§ **TASK DESCRIPTION**: Beginning with the line that contains "Framed Script Pumpkin Print" and ending with the line that contains "The Villa Vie", reproduce the lines of the entries below exactly, omitting pictures.

-------- EXTRACTED INFORMATION

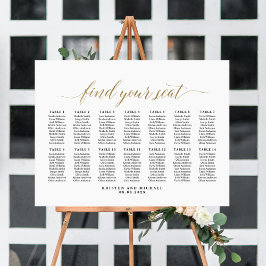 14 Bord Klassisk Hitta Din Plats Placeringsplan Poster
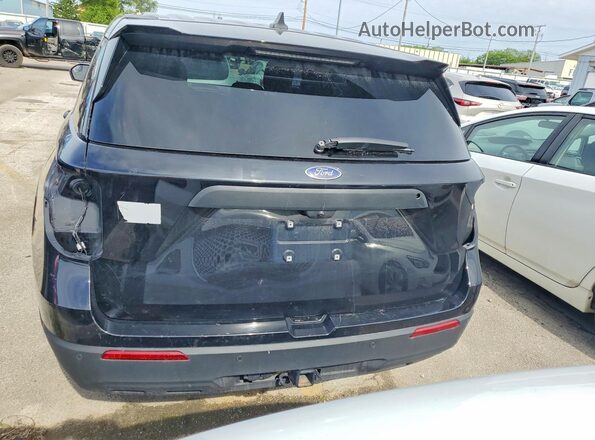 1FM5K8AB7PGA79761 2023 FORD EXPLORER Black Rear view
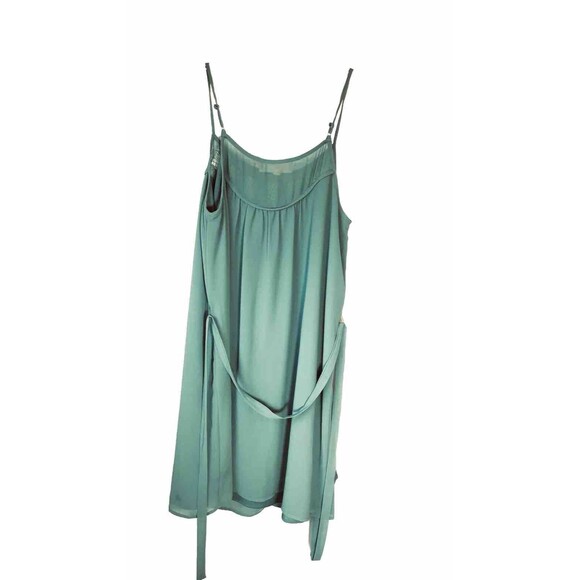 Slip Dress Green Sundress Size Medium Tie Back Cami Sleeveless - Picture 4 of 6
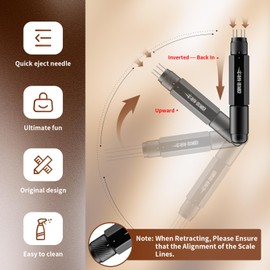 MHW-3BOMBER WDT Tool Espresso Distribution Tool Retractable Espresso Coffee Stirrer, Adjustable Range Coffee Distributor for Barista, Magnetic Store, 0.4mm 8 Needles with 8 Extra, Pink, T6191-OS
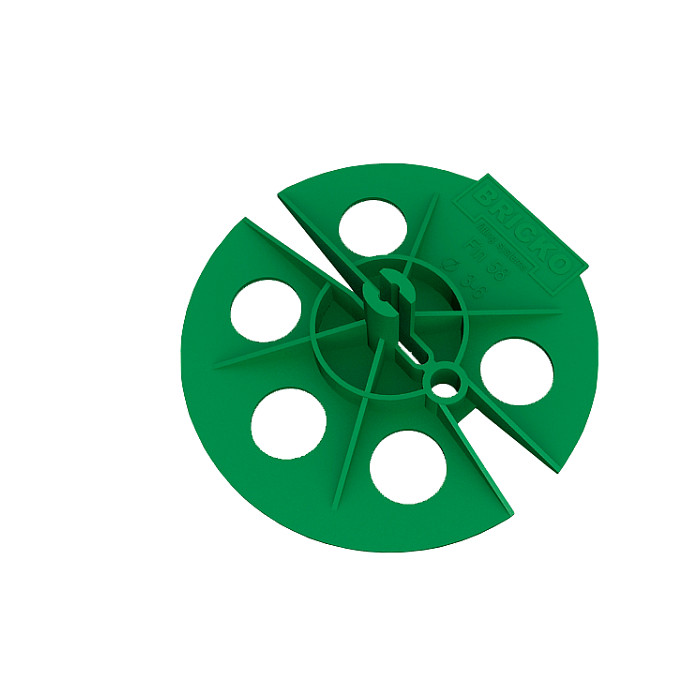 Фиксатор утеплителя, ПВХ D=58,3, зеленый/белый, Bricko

----------------
-------- EXTRACTED INFORMATION

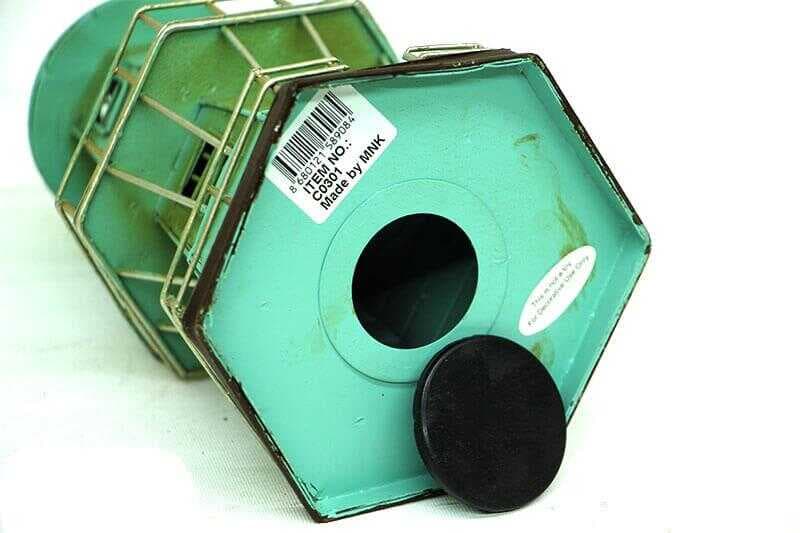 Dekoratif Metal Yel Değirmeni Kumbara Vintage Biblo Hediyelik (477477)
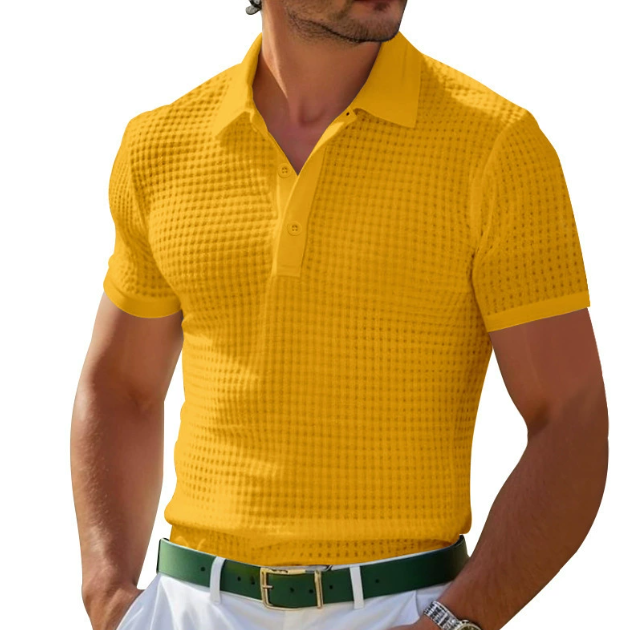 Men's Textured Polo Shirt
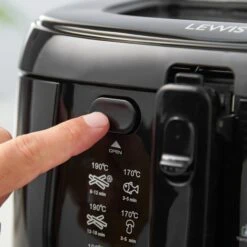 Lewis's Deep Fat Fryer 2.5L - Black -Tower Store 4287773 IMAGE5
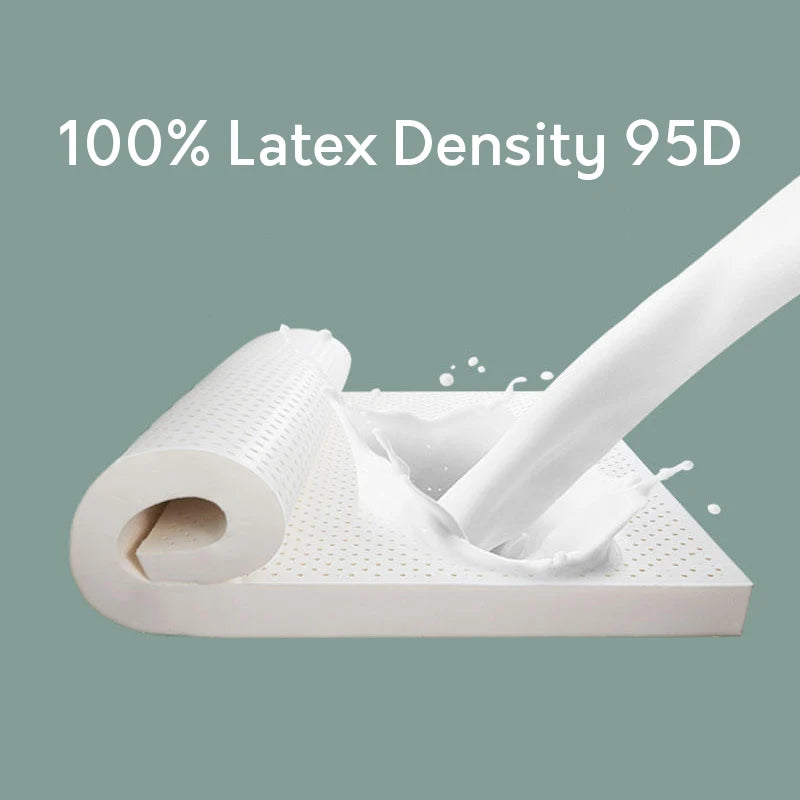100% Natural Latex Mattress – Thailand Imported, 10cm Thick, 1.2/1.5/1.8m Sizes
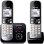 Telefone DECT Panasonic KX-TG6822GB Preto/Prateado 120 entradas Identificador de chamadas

----------------
-------- EXTRACTED INFORMATION

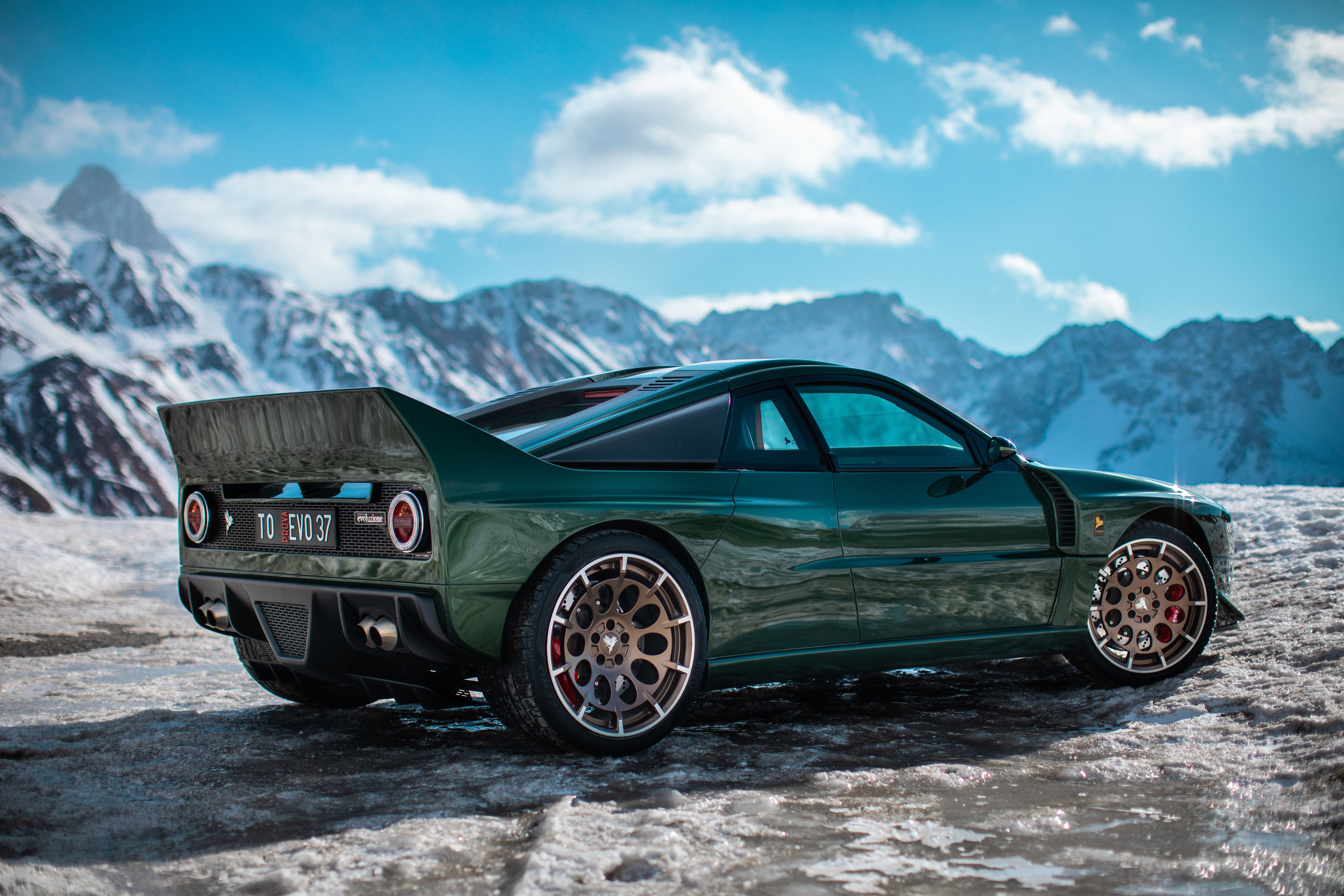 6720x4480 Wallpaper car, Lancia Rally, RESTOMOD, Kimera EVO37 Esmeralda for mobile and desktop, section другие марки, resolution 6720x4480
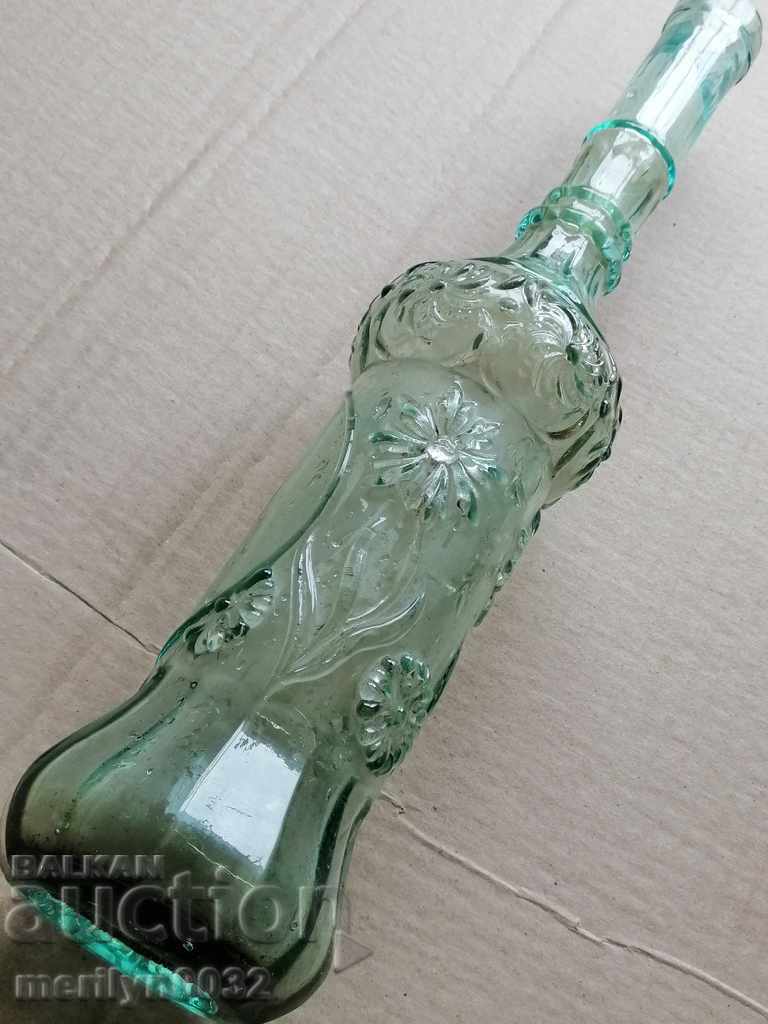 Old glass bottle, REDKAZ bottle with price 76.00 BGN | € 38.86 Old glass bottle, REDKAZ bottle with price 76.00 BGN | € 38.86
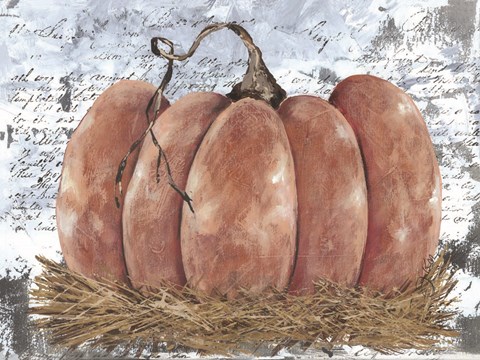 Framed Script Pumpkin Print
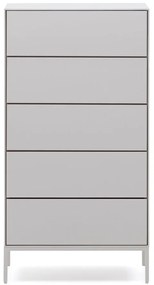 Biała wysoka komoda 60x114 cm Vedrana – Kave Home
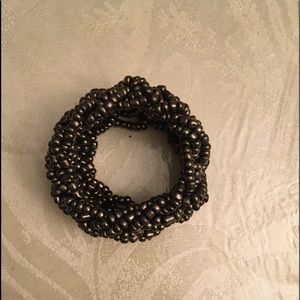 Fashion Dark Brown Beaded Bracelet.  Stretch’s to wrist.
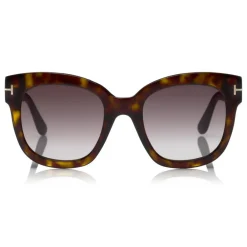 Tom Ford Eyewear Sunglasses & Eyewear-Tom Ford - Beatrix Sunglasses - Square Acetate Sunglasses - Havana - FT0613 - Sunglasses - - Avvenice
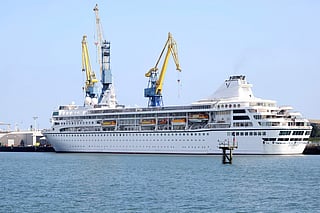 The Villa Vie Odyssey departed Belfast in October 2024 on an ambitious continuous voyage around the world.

----------------

§ **RESPONSE TO THIS TASK**:
 Framed Script Pumpkin Print
 Biała wysoka komoda 60x114 cm Vedrana – Kave Home
 Fashion Dark Brown Beaded Bracelet.  Stretch’s to wrist.
 Tom Ford Eyewear Sunglasses & Eyewear-Tom Ford - Beatrix Sunglasses - Square Acetate Sunglasses - Havana - FT0613 - Sunglasses - - Avvenice
 The Villa Vie Odyssey departed Belfast in October 2024 on an ambitious continuous voyage around the world.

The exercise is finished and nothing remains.